Auch wenn die Aufräumarbeiten nun vorangehen, der Wiederaufbau in den Städten und Gemeinden wird viele Jahre in Anspruch nehmen. Und es wird eine gemeinsame Aufgabe nicht nur für Rheinland-Pfalz, Nordrhein-Westfalen und die betroffenen belgischen Provinzen werden. Die gesamte Bundesrepublik, der belgische Staat insgesamt müssen den Wiederaufbau zu ihrem Kernanliegen machen.

In der Europäischen Union müssen wir entschieden handeln. Mit unseren Programmen und Nothilfe-Fonds für die Regionen, aber auch damit, dass wir nicht länger zögern, den Hebel mit aller Kraft umzulegen.

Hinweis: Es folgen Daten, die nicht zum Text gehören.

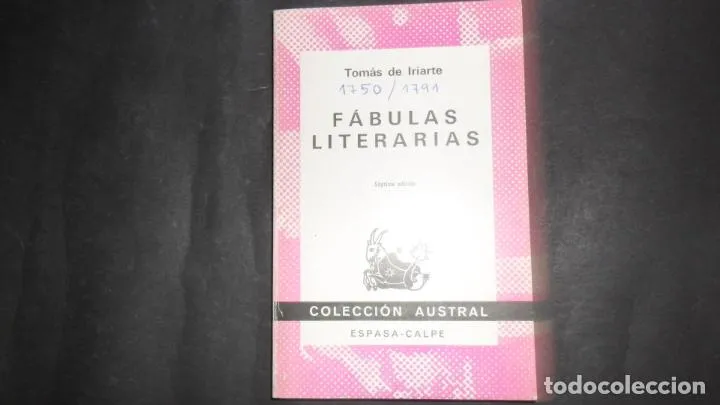 Fábulas literarias, Tomás de Iriarte, ed. Espasa Calpe Fábulas literarias, Tomás de Iriarte, ed. Espasa Calpe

Je näher die Einschläge kommen, umso klarer sehen wir, dass wir Opfer des menschengemachten Klimawandels werden. Deshalb, kein Zaudern und Zögern mehr. Der sozial-ökologische Umbau mit nachhaltiger Energie und Mobilität, mit neuen Chancen für Menschen in Berufen, die vom Wandel besonders berührt sind, muss ganz oben auf der Tagesordnung stehen. Zurecht fordern wir im Europäischen Parlament seit Jahren mehr Engagement von EU-Kommission und Mitgliedstaaten. Das kürzlich vorgestellte Maßnahmenpaket „Fit für 55“ (mit dem Ziel, den Ausstoß von Treibhausgasen bis 2030 im Vergleich zu 1990 um mindestens 55 Prozent zu reduzieren) weist in die richtige Richtung. Es muss aber forciert und zusammen mit den Menschen, die sich und ihre persönliche Zukunft darin wiederfinden wollen, umgesetzt werden.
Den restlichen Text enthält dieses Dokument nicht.